→ **YOUR ASSIGNMENT**
Repeat the records exactly, minus the pictures.

%%

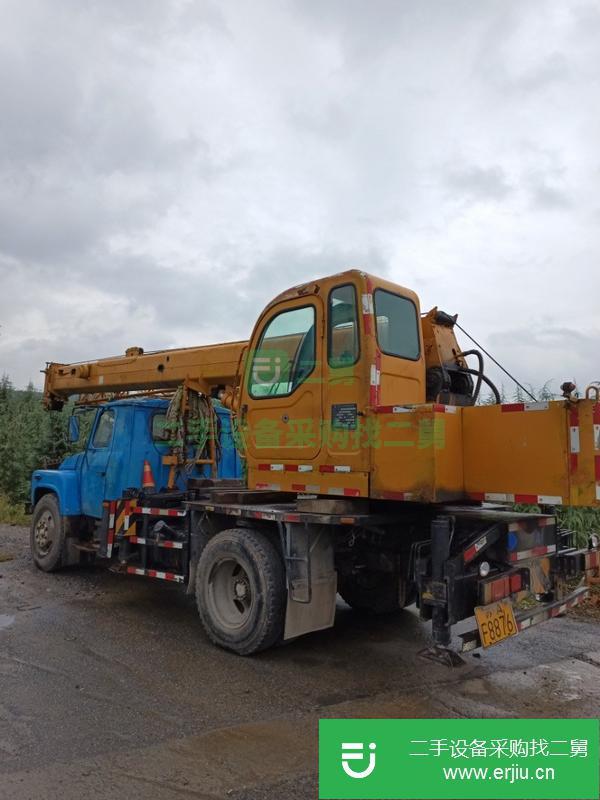 江蘇出售二手徐工8B.5吊車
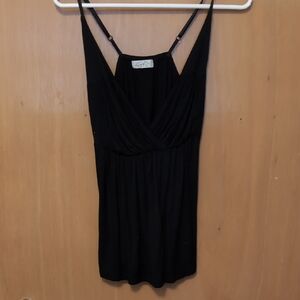 Elegant Black Women's Top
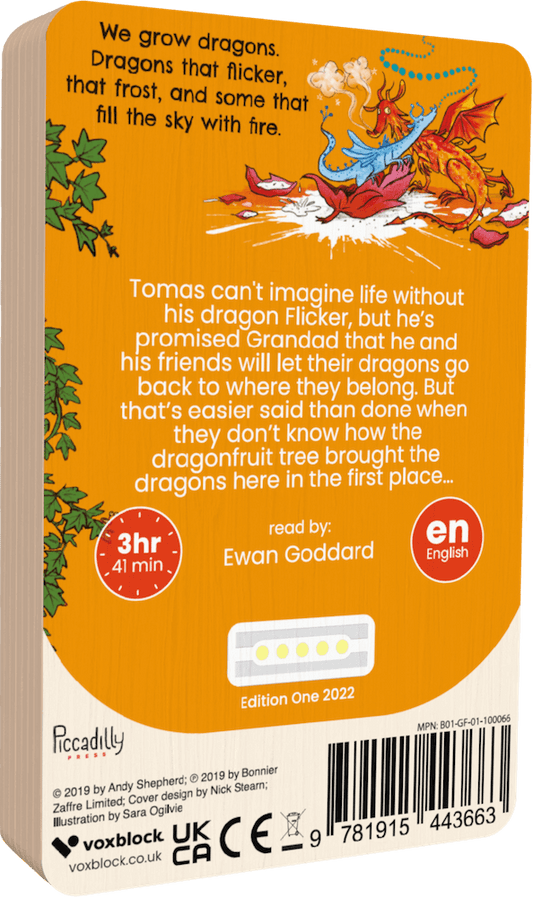 The Boy Who Flew With Dragons (Audiobook)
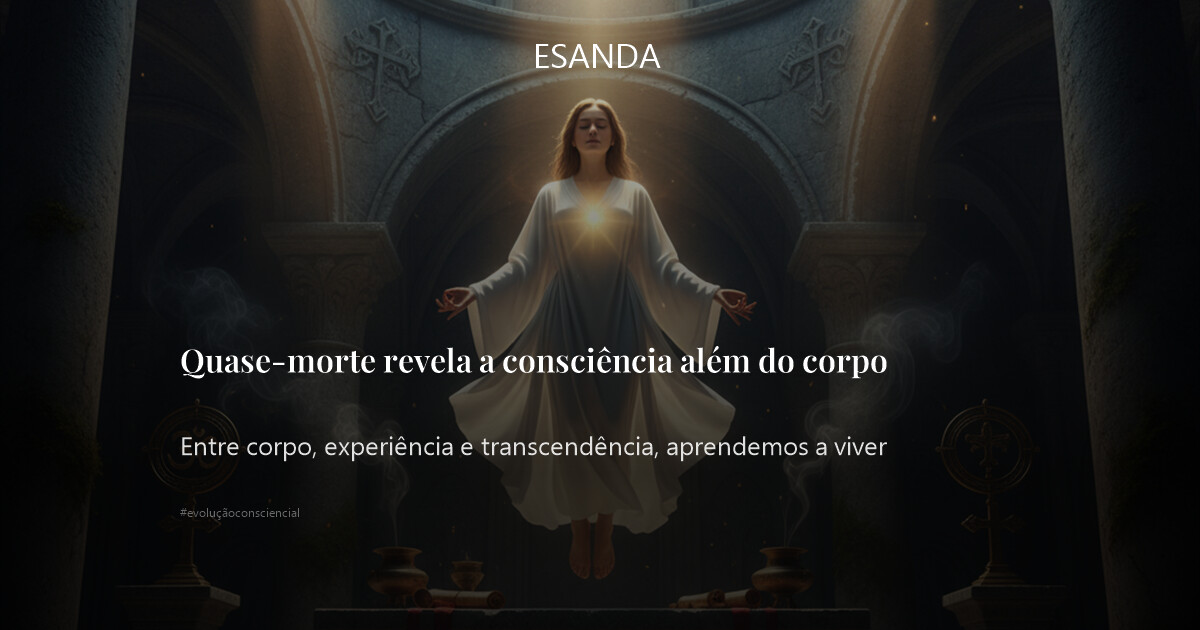 Quase-morte revela a consciência além do corpo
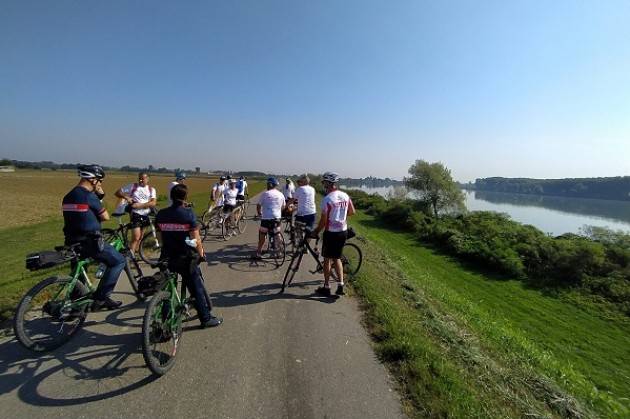 VenTo Bici Tour, stamani la tappa Piacenza – Cremona – Stagno Lombardo, alla vigilia della Settimana europea della Mobilità Sostenibile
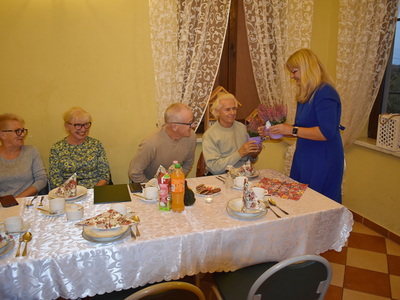 Dzień Seniora w Świetlicy Wiejskiej w Długoszynie. 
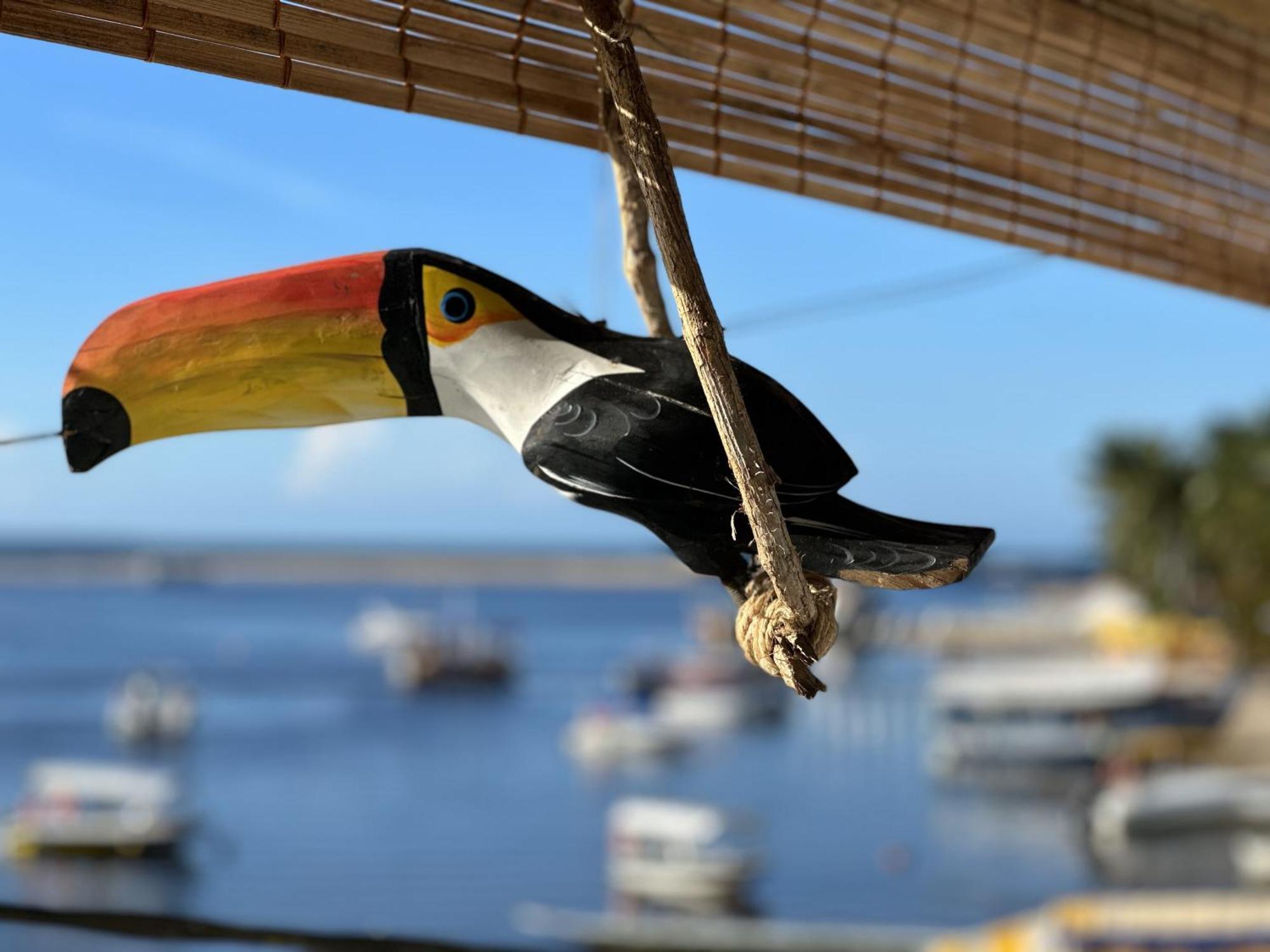 Velha Boipeba Mar A Vista Ilha De Boipeba酒店 外观 照片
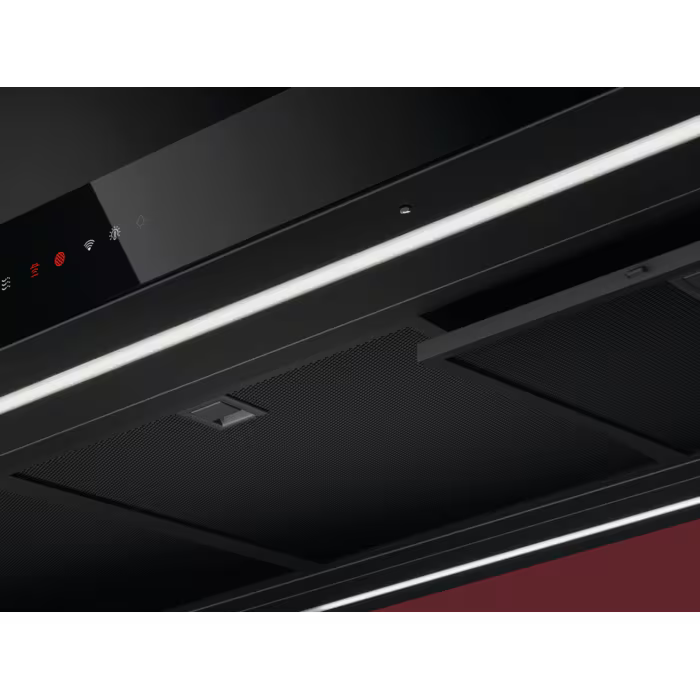 AEG GI87D91CB - Black Island Cooker Hood - A+ Energy Rating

%%

→ **WORKED SOLUTION**
 江蘇出售二手徐工8B.5吊車
 Elegant Black Women's Top
 The Boy Who Flew With Dragons (Audiobook)
 Quase-morte revela a consciência além do corpo
 VenTo Bici Tour, stamani la tappa Piacenza – Cremona – Stagno Lombardo, alla vigilia della Settimana europea della Mobilità Sostenibile
 Dzień Seniora w Świetlicy Wiejskiej w Długoszynie. 
 Velha Boipeba Mar A Vista Ilha De Boipeba酒店 外观 照片
 AEG GI87D91CB - Black Island Cooker Hood - A+ Energy Rating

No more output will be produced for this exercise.